GOAL OF THE EXERCISE => In the entries below, begin at the line that has "Wholesale Champagne Pearl" and stop after the line that has "How to Make"; output those lines exactly, leaving out pictures.

INFORMATION PROVIDED =>
----------
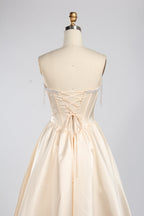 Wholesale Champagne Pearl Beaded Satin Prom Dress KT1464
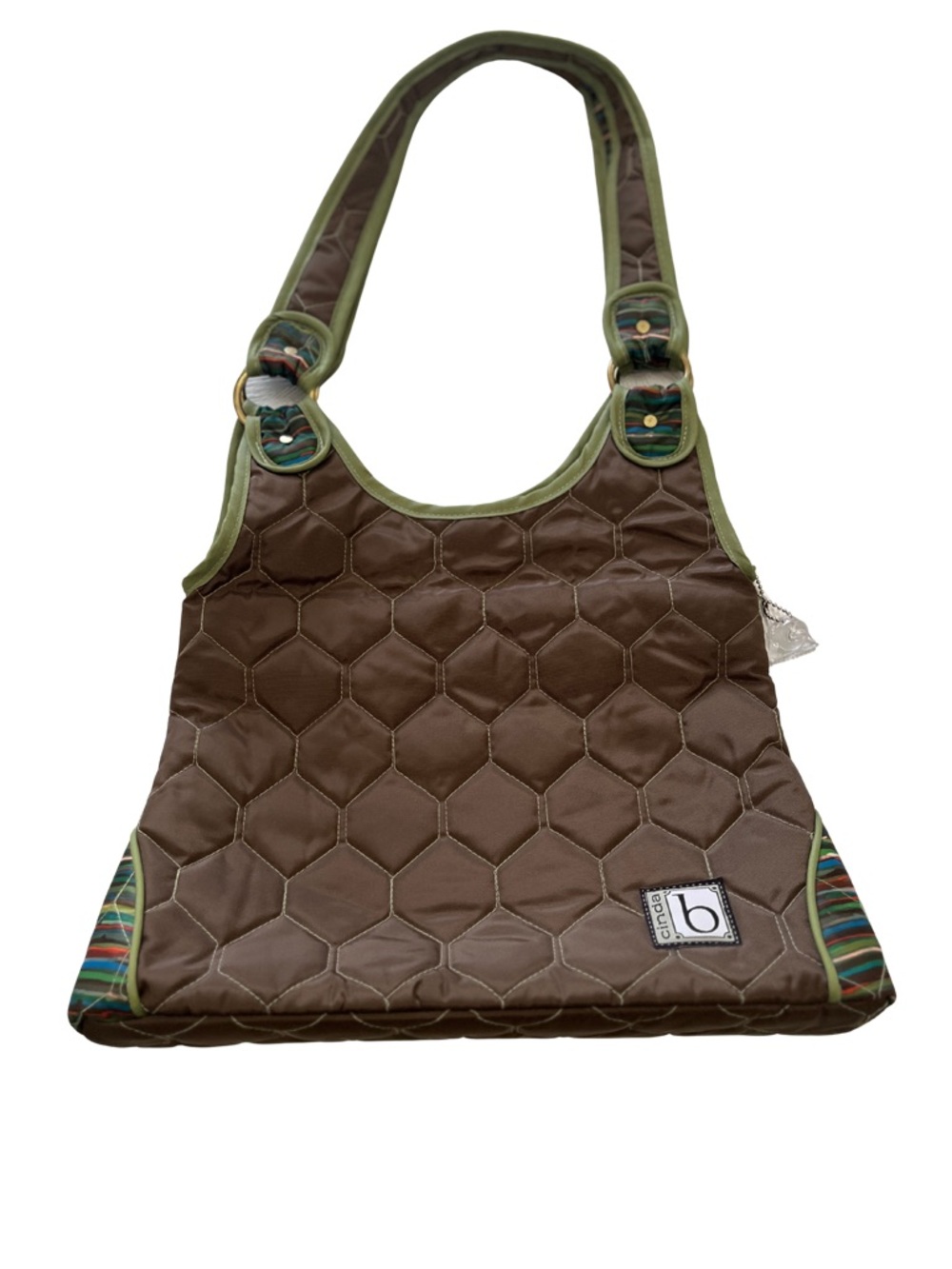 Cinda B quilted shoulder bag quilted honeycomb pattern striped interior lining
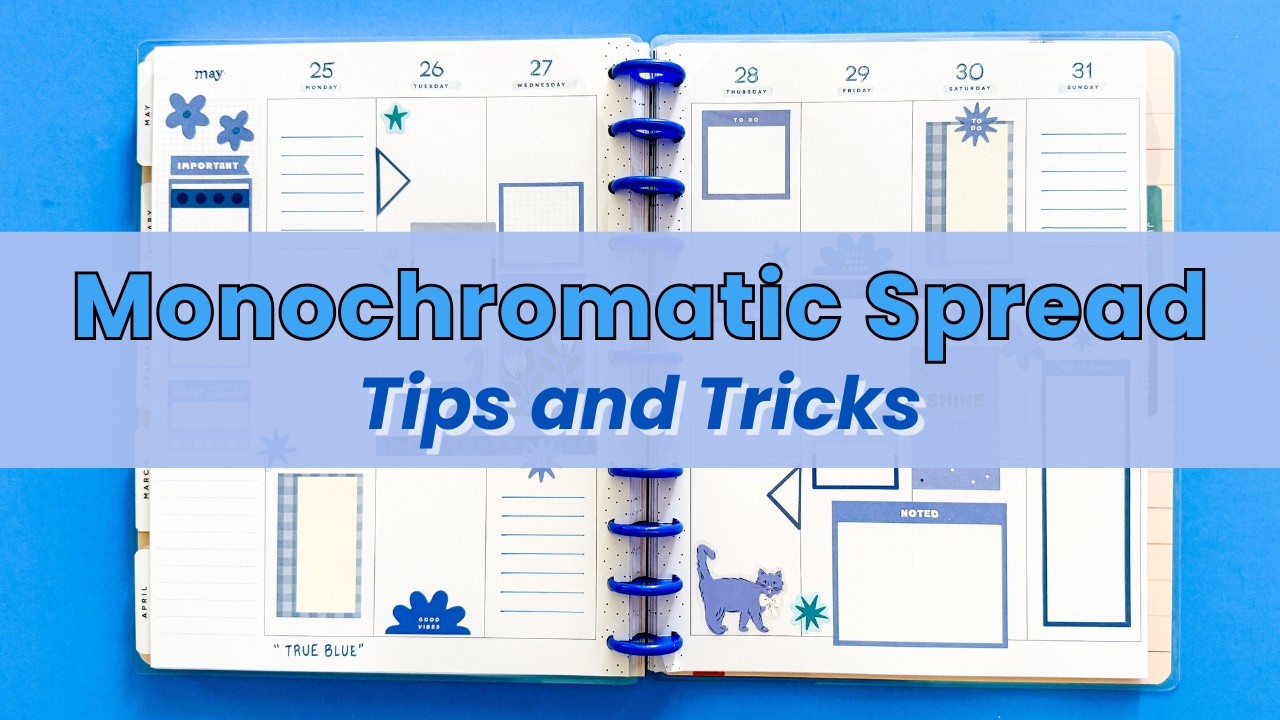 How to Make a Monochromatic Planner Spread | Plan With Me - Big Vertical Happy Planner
----------
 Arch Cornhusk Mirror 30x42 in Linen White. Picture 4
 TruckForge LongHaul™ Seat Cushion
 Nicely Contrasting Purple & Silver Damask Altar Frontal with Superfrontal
----------
RESULT OF THIS EXERCISE =>
 Wholesale Champagne Pearl Beaded Satin Prom Dress KT1464
 Cinda B quilted shoulder bag quilted honeycomb pattern striped interior lining
 How to Make a Monochromatic Planner Spread | Plan With Me - Big Vertical Happy Planner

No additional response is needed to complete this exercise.